What are Temporary Tablespaces:

Temporary tablespaces are used to manage space for database sort operations and for storing global temporary tables. For example, if you join two large tables, and Oracle cannot do the sort in memory (see SORT_AREA_SIZE initialisation parameter), space will be allocated in a temporary tablespace for doing the sort operation. Other SQL operations that might require disk sorting are: CREATE INDEX, ANALYZE, Select DISTINCT, ORDER BY, GROUP BY, UNION, INTERSECT, MINUS, Sort-Merge joins, etc.

The DBA should assign a temporary tablespace to each user in the database to prevent them from allocating sort space in the SYSTEM tablespace. This can be done with one of the following commands:

SQL> CREATE USER scott DEFAULT TABLESPACE data TEMPORARY TABLESPACE temp;
SQL> ALTER USER scott TEMPORARY TABLESPACE temp;

Note that a temporary tablespace cannot contain permanent objects and therefore doesn't need to be backed up.

What are TEMPFILES?

Unlike normal data files, TEMPFILEs are not fully initialised (sparse). When you create a TEMPFILE, Oracle only writes to the header and last block of the file. This is why it is much quicker to create a TEMPFILE than to create a normal database file.
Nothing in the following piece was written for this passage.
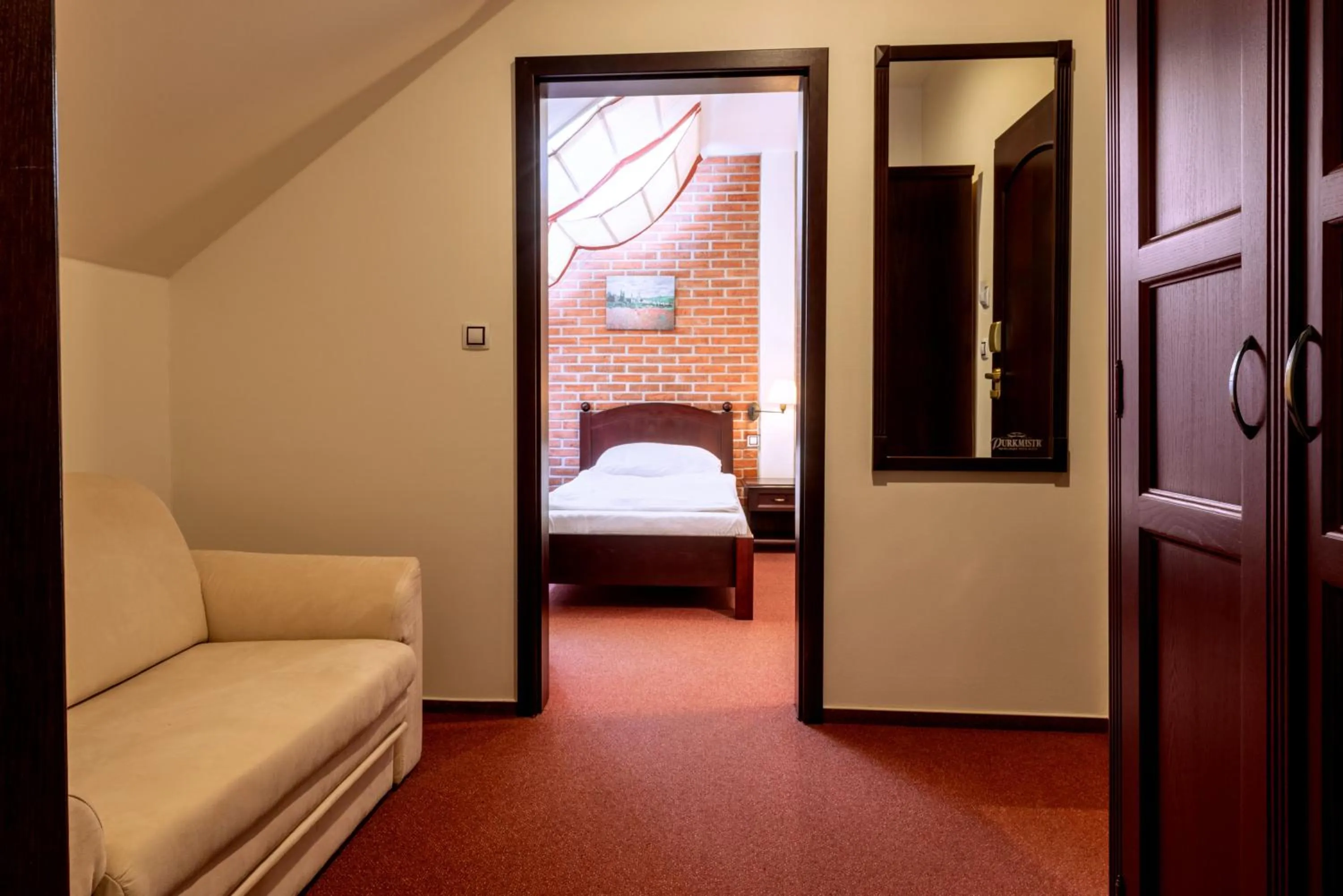 Living room, Bed in Hotel Purkmistr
TEMPFILEs are not recorded in the database's control file. This implies that one can just recreate them whenever you restore the database, or after deleting them by accident. This opens interesting possibilities like having different TEMPFILE configurations between permanent and standby databases, or configure TEMPFILEs to be local instead of shared in a RAC environment.
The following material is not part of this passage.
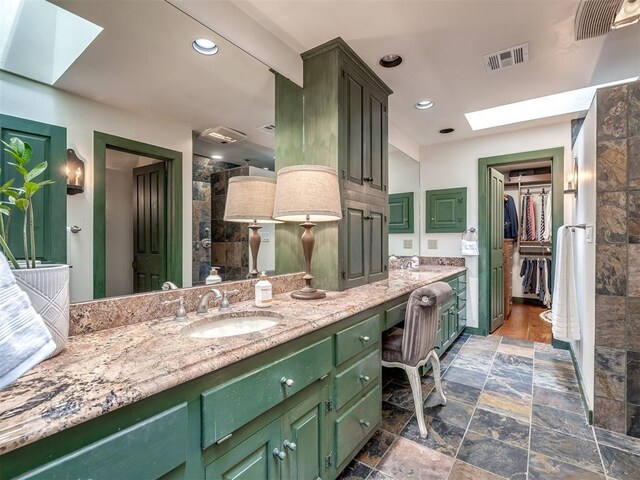 4005 NE 122nd St, Edmond, OK 73013 - bathroom featuring a skylight, double vanity, stone finish flooring, recessed lighting, and a tile shower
One cannot remove datafiles from a tablespace until you drop the entire tablespace. However, one can remove a TEMPFILE from a database. Look at his example:

SQL> ALTER DATABASE TEMPFILE '/oradata/temp02.dbf' DROP INCLUDING DATAFILES;

If you remove all tempfiles from a temporary tablespace, you may encounter error: ORA-25153: Temporary Tablespace is Empty. Use the following statement to add a TEMPFILE to a temporary tablespace:

SQL> ALTER TABLESPACE temp ADD TEMPFILE '/oradata/temp03.dbf' SIZE 100M;

Except for adding a tempfile, as illustrated in the above example, you cannot use the ALTER TABLESPACE statement for a locally managed temporary tablespace (operations like rename, set to read only, recover, etc. will fail).
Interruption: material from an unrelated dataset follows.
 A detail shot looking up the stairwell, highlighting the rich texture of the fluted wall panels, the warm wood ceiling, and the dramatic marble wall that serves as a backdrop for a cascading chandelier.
How does one create Temporary Tablespaces?

Oracle provides various ways of creating TEMPORARY tablespaces (mainly to provide backward compatibility). One should use the most recent method available:

- Prior to Oracle 7.3 - CREATE TABLESPACE temp DATAFILE ...;
- Oracle 7.3 & 8.0 - CREATE TABLESPACE temp DATAFILE ... TEMPORARY;
- Oracle 8i and above - CREATE TEMPORARY TABLESPACE temp TEMPFILE ...;

Oracle 8i and 9i example:

SQL> CREATE TEMPORARY TABLESPACE temp 
      TEMPFILE '/oradata/mytemp_01.tmp' SIZE 20M
      EXTENT MANAGEMENT LOCAL UNIFORM SIZE 16M;

For best performance, the UNIFORM SIZE must be a multiple of the SORT_AREA_SIZE parameter.

Oracle 9i example using OMF (Oracle Managed Files):

SQL> CREATE TEMPORARY TABLESPACE temp;

Default Temporary Tablespaces:

In Oracle 9i and above, one can define a Default Temporary Tablespace at database creation time, or by issuing an "ALTER DATABASE" statement:

ALTER DATABASE DEFAULT TEMPORARY TABLESPACE temp;

The default Default Temporary Tablespace is SYSTEM. Each database can be assigned one and only one Default Temporary Tablespace. Using this feature, a Temporary Tablespace is automatically assigned to users. The following restrictions apply to default temporary tablespaces:

- The Default Temporary Tablespace must be of type TEMPORARY
- The DEFAULT TEMPORARY TABLESPACE cannot be taken off-line
- The DEFAULT TEMPORARY TABLESPACE cannot be dropped until you create another one.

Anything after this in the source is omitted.